Hi everyone. I would really appreciate it if anyone know if we can have more than one gateways in the same local network. At the moment if i put a second gw, there doesnt seem to be a way to change the default port 1880 to something else. I need the gateways to have different ports since i m sending commands to them. Any ideas anyone would be extremely appreciated.
Thanks,
Sotiris

Hi

If you edit the settings.js file you will see the line

uiPort: process.env.PORT || 1880,

change the port number and then save the file. You will need to restart Node Red

Hi @mtoko and thank you for the reply. I ll give it a try.

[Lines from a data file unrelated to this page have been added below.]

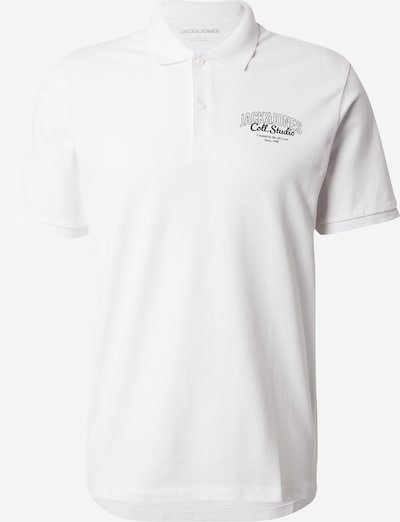 JACK & JONES T-Krekls 'JJMAKOTO', krāsa - melns / balts, Preces skats
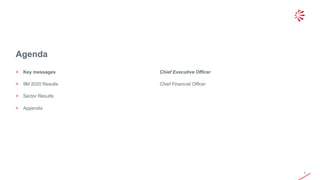 © 2019 Leonardo - Società per azioni
Agenda
2
> Key messages Chief Executive Officer
> 9M 2020 Results Chief Financial Officer
> Sector Results
> Appendix
 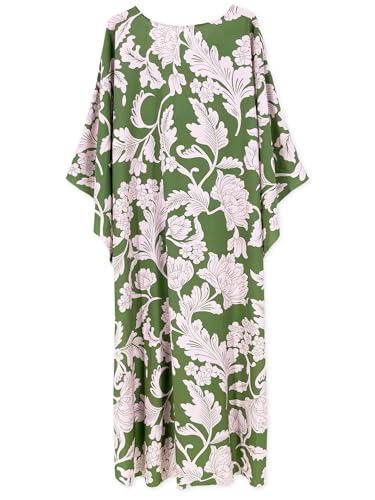Moss Rose Kaftans Coverup Dresses for Women Moo Moos Swimsuit Caftan Plus Size Maxi Beach Vacation Clothes - Image 3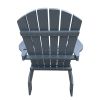 Outdoor or indoor Wood Adirondack chair with an hole to hold umbrella on the arm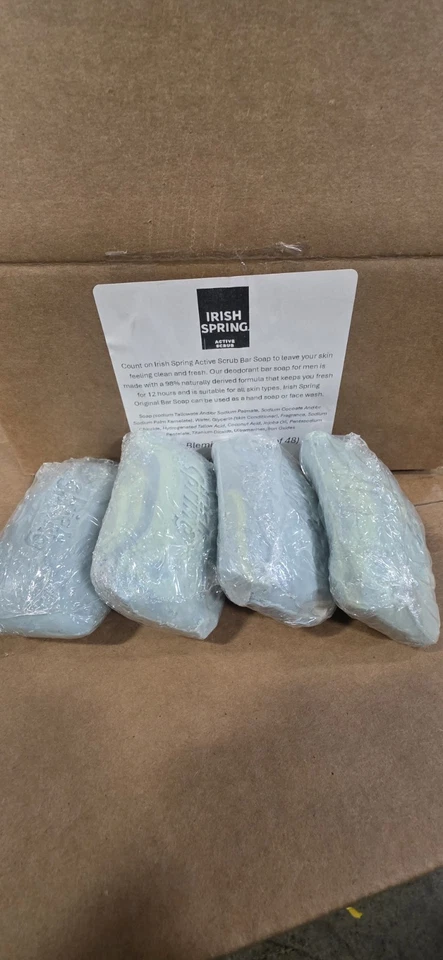 48x Sabonete em Barra Ativo Irish Spring Original 4 oz SEM Linhaça (Lote de 48 Barras) - Imagem 4 de 4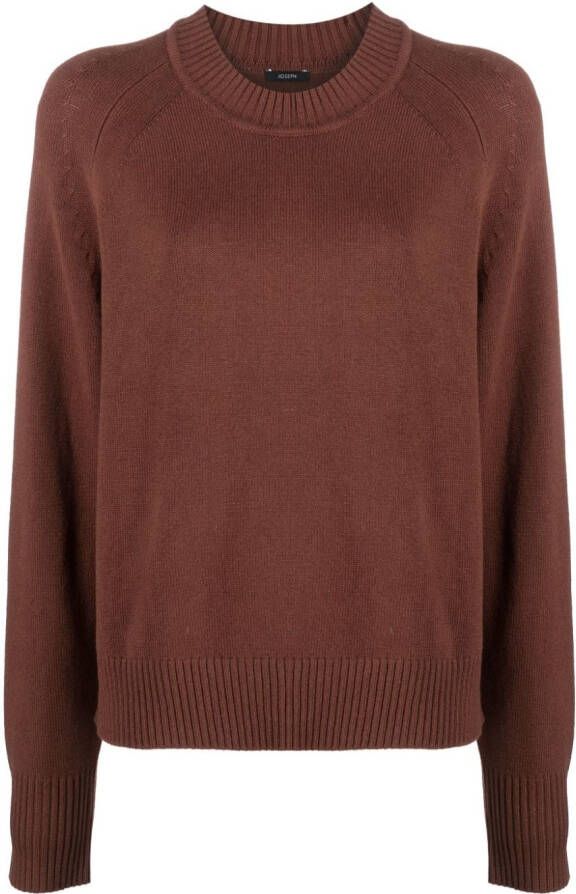 JOSEPH Fijngebreide sweater Bruin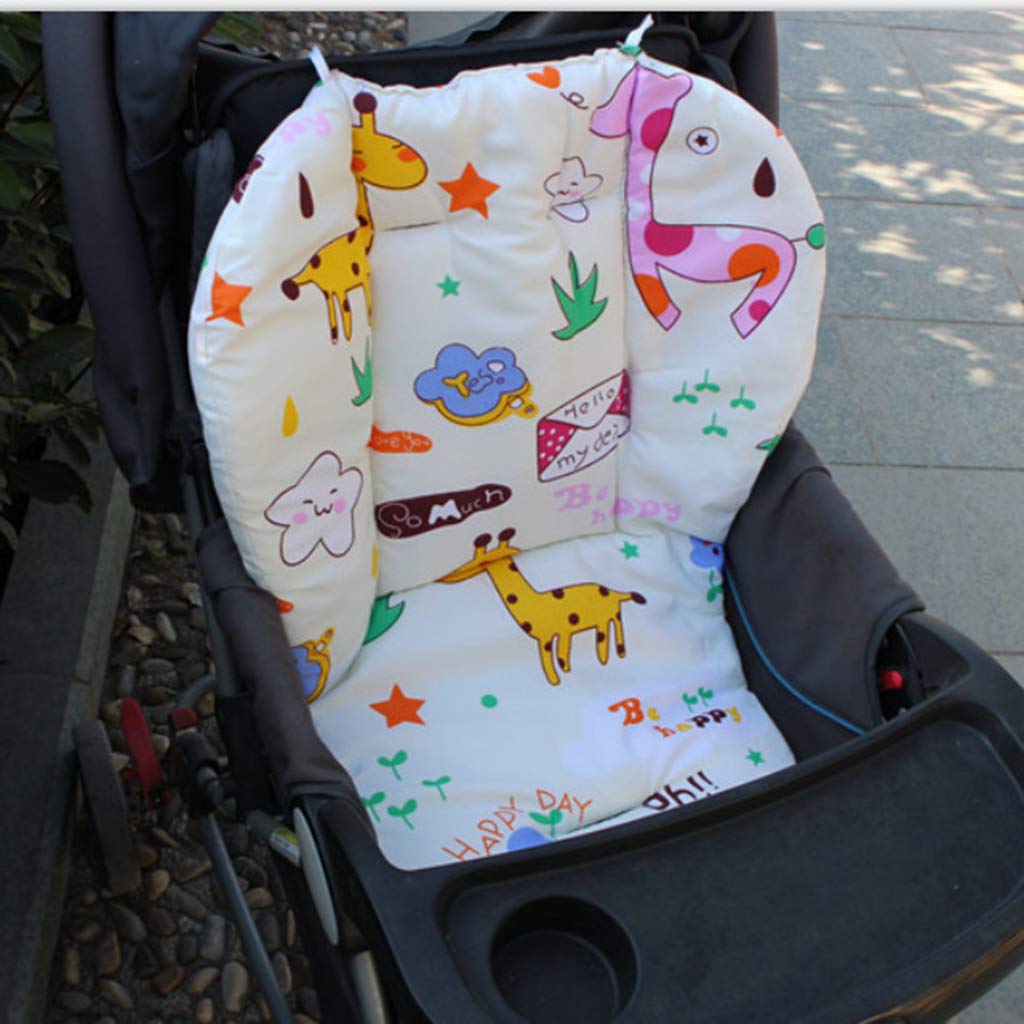 Baby Stroller High Chair Seat Cushion Liner Mat Pad Cover Protector Giraffe| Baby|Strollers & Accessories|Stroller Accessories|Seat Liners-picture-11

What do you mean by a 'gateway'. If they are separate devices they will have different IP addresses so they can all use the port 1880 without problems.

Hi Colin,
by gateway i m referring to the device that hosts node red. I think you are right that since each device has a different ip i don't really need to create a separate port forward. How didn't i think of this?? Thank you!

Hi Colin,
The problem with this approach is that i need to access the gateway from the outside, that is from the internet so your solution on second thought doesn't work.

Sounds like you have multiple Node-Red systems (why?), then look at a reverse proxy like NGINX if you want to connect to them from the Internet. Also look at the guide here for securing Node-Red for Internet use.

You need to think very carefully about the security implications of opening node-red to the internet, however if you do open ports the router will allow you to specify a different external port to an internal one, so you could route port 2880 to port 1880 of device 1, port 3880 to port 1880 of device 2, etc.

  • You mentioned you send commands to Node.RED. It would be interesting to know what protocol you use and for what purpose? Perhaps MQTT data? Admin HTTP to Node-RED? TCP connections?

  • The answers in the forum (this post many others), as well as the documentation, shows that changing the port number for Node-RED is quite easy but then you hit another issue: you would need to do some port forwarding in your router. Is this a big issue or perhaps there is some constraint that prevents you from doing so?

If the solution: change Node-RED + configure port forward in the router is the issue then you may want to have a look on ngrok. It comes with pros and const as usual for everything.

You don't even need to do that. Simply pass the PORT environment variable as you start Node-RED.

Only if you need to access the systems from outside the router.

There is also another option if you do need to do this. Put your microserver instances (multiple Node-RED instances in this case) behind a reverse proxy. NGINX or HAproxy for example.

In doing so, you get a number of benefits. You can get better performance, better security and you can rewrite the different ports to a single, standard port with different paths.

If he doesn't need to access them outside the router then he doesn't need to change the ports, as they will have different IP addresses.

You are correct of course. I was thinking about multiple instances on a single device.